This is the mail archive of the
gcc-patches@gcc.gnu.org
mailing list for the GCC project.
[PATCH] Improve vect_create_epilog_for_reduction (PR tree-optimization/80631)
- From: Jakub Jelinek <jakub at redhat dot com>
- To: Richard Biener <rguenther at suse dot de>
- Cc: gcc-patches at gcc dot gnu dot org
- Date: Mon, 18 Dec 2017 22:50:50 +0100
- Subject: [PATCH] Improve vect_create_epilog_for_reduction (PR tree-optimization/80631)
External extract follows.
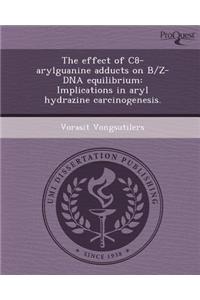 The Effect of C8-Arylguanine Adducts on B/Z-DNA Equilibrium: Implications in Aryl Hydrazine Carcinogenesis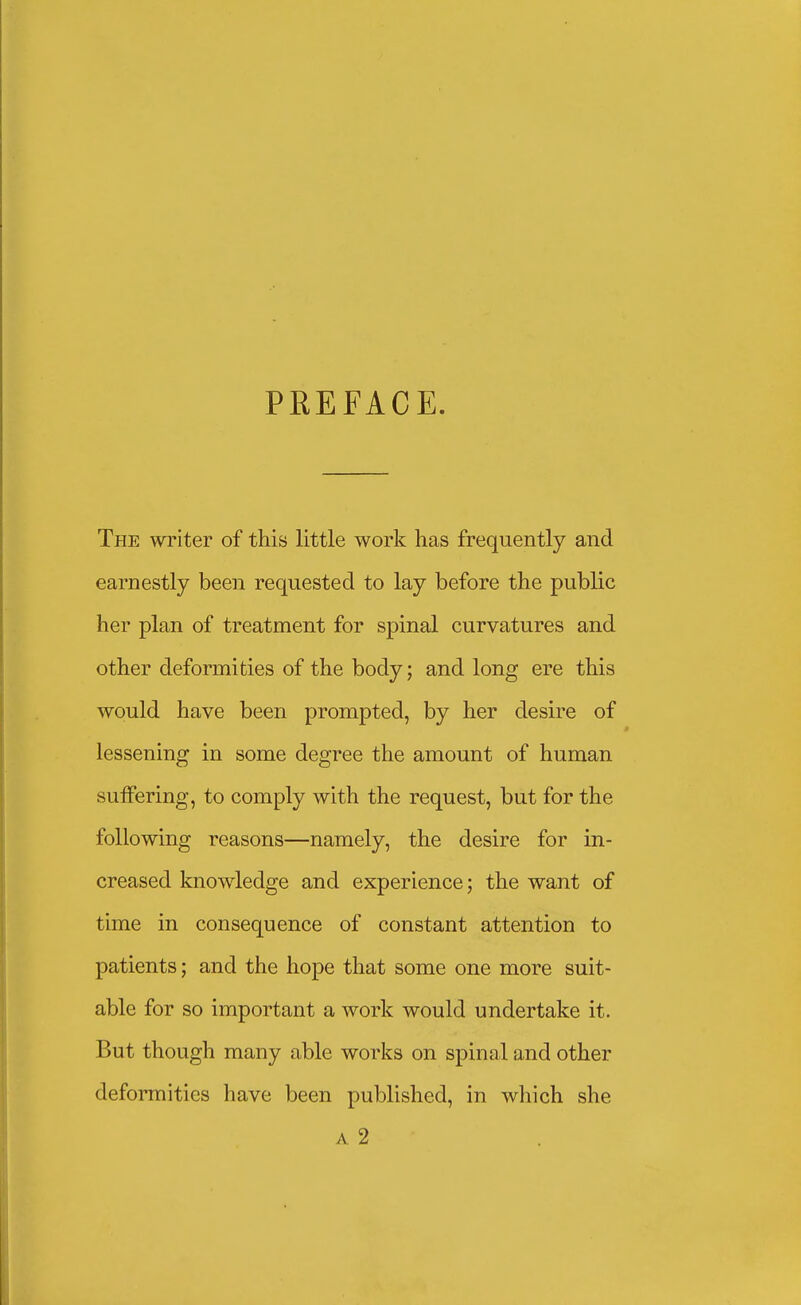 PREFACE. The writer of this little work has frequently and earnestly been requested to lay before the public her plan of treatment for spinal curvatures and other deformities of the body; and long ere this would have been prompted, by her desire of lessening in some degree the amount of human suiFering, to comply with the request, but for the following reasons—namely, the desire for in- creased knowledge and experience; the want of time in consequence of constant attention to patients; and the hope that some one more suit- able for so important a work would undertake it. But though many able works on spinal and other deformities have been published, in which she A 2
- Authentication-results: sourceware.org; auth=none
- Reply-to: Jakub Jelinek <jakub at redhat dot com>
Hi!
When backporting the wrong-code bugfix parts of PR80631 to 7.3, I've noticed
that we perform the optimization to use the induc_val only when reduc_fn is
IFN_REDUC_{MAX,MIN}. That is true e.g. for AVX2, but not plain SSE2, so if
we have a loop like:
void foo (int *v)
{
int found_index = -17;
for (int k = 0; k < 64; k++)
if (v[k] == 77)
found_index = k;
return found_index;
}
we start with { -17, -17, -17... } only for avx* and can optimize away
the scalar if (reduc_result == -17 ? -17 : reduc_result, but for sse*
we start instead with { -1, -1, -1... } and can't optimize
if (reduc_result == -1 ? -17 : reduc_result.
Fixed thusly, bootstrapped/regtested on x86_64-linux and i686-linux, ok for
trunk?
2017-12-18 Jakub Jelinek <jakub@redhat.com>
PR tree-optimization/80631
* tree-vect-loop.c (vect_create_epilog_for_reduction): Compare
induc_code against MAX_EXPR or MIN_EXPR instead of reduc_fn against
IFN_REDUC_MAX or IFN_REDUC_MIN.
--- gcc/tree-vect-loop.c.jj 2017-12-12 09:54:28.000000000 +0100
+++ gcc/tree-vect-loop.c 2017-12-15 18:56:15.426591727 +0100
@@ -4432,9 +4432,9 @@ vect_create_epilog_for_reduction (vec<tr
&& (STMT_VINFO_VEC_REDUCTION_TYPE (stmt_info)
== INTEGER_INDUC_COND_REDUCTION)
&& !integer_zerop (induc_val)
- && ((reduc_fn == IFN_REDUC_MAX
+ && ((induc_code == MAX_EXPR
&& tree_int_cst_lt (initial_def, induc_val))
- || (reduc_fn == IFN_REDUC_MIN
+ || (induc_code == MIN_EXPR
&& tree_int_cst_lt (induc_val, initial_def))))
induc_val = initial_def;
vect_is_simple_use (initial_def, loop_vinfo, &def_stmt, &initial_def_dt);
Jakub